R.F. Stein: Applications of Convection Simulations to Oscillation Excitation and Local Helioseismology (Review, Wed, Aug. 23)

This was the review talk of session E in the Convection Symposium: “Oscillations, mass loss, and convection”.

One application of numerical simulations is to understand the excitation process for p-mode oscillations. The excitation equation contains an integral, in which the terms for pressure fluctuations and mode compression are multiplied (don’t take mode compression out of the integral!). Excitation decreases at low and high frequencies, which results in typical oscillation periods, e.g. 5 minutes for the Sun.

In the power spectrum for the turbulence, spatial and temporal factors cannot be separated. Therefore, a generalized Lorentzian is fit (where the width and power depend on wavenumber). This is another improvement needed for analytical work.

In a discussion on turbulent (Pt) and gas pressure (Pg), an analysis of local heating and cooling shows that excitation is due to entropy fluctuations. Pt and non-adiabatic Pg work comparably near the surface, Pt extends deeper. p-mode driving is primarily by turbulent pressure. There is some cancellation between Pt and non-adiabatic Pg.

Next, some work by Günther Houdek was shown, and his analytical model compared to simulations by Stein & Nordlund (2001). Excitation rates for p modes for the Sun, Procyon, and alf Cen A where shown – models and simulations agree.

Another application is helioseismology, i.e. to test and refine local helioseismic models. One needs a large size and a long time sequence (so far, the simulation is 48 Mm wide by 20 Mm deep, the intention is to double the size next month).

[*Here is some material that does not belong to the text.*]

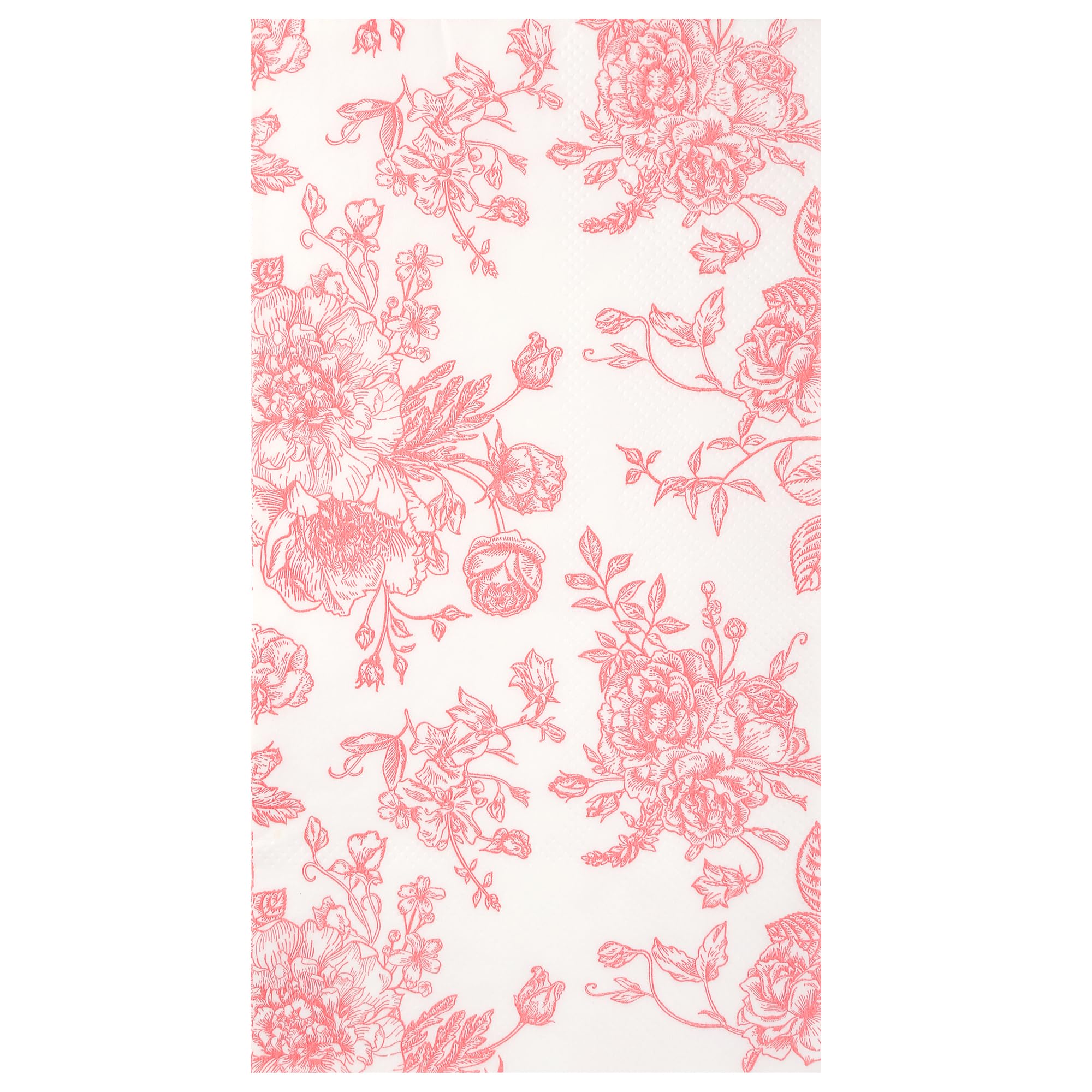 Photo 1 of 100 Floral Guest Napkins Pink and White Toile Disposable Paper Napkins Decorative Flower Bathroom Hand Towels for Bridal Baby Shower Tea Party Birthday Party Supplies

As a bonus, the simulations lead to an understanding of supergranulation. The simulations run for 48 hours (1 turnover time), include f-plane rotation (surface shear layer), but no magnetic field yet. The resolution is 100 km horizontal, 12-70 km vertical.

After a presentation of the numerical method, some results were shown. The mean atmosphere is highly stratified. A slice through simulations for the velocity in the vertical plane shows that downflows are being swept aside by the diverging upflows. Thus, the downflows become larger and make it to deeper layers. Some of the downflows are not swept aside and disperse. Displaying the vertical velocity on horizontal planes shows the continuous change of scales from granules to supergranules. Upflows at the surface come from a small area at the bottom. Downflows at the surface converge to supergranule boundaries.

The horizontal and vertical velocities from simulations were then compared to MDI observations. At larger scales, the oscillatory component dominates, at smaller scales, the convective component dominates. Simulations were also compared to MDI observations in a k-omega diagram, a time-distance diagram, and in a diagram of f-mode travel times vs. simulated flow fields (divergence and horizontal). North-going and south-going travel time differences from MDI were compared to simulated velocities.

Note that the simulated data is available from the MDI data base: Full data sets (~200GB per hour solar time) and slices of Vxyz and T at selected depths (~2 GB per hour solar time).

After a movie of temperature and vertical velocity by Viggo Hansteen, showing non-linear wave propagation in 2D, some answers to the question “Why are linear calculations useful?” were given. They complement non-linear calculations, they are much faster than non-linear calculations, one can explore the parameter space, and one can isolate physical effects.

At the end of his talk, Stein mentioned that he is looking for a solar physics post-doc.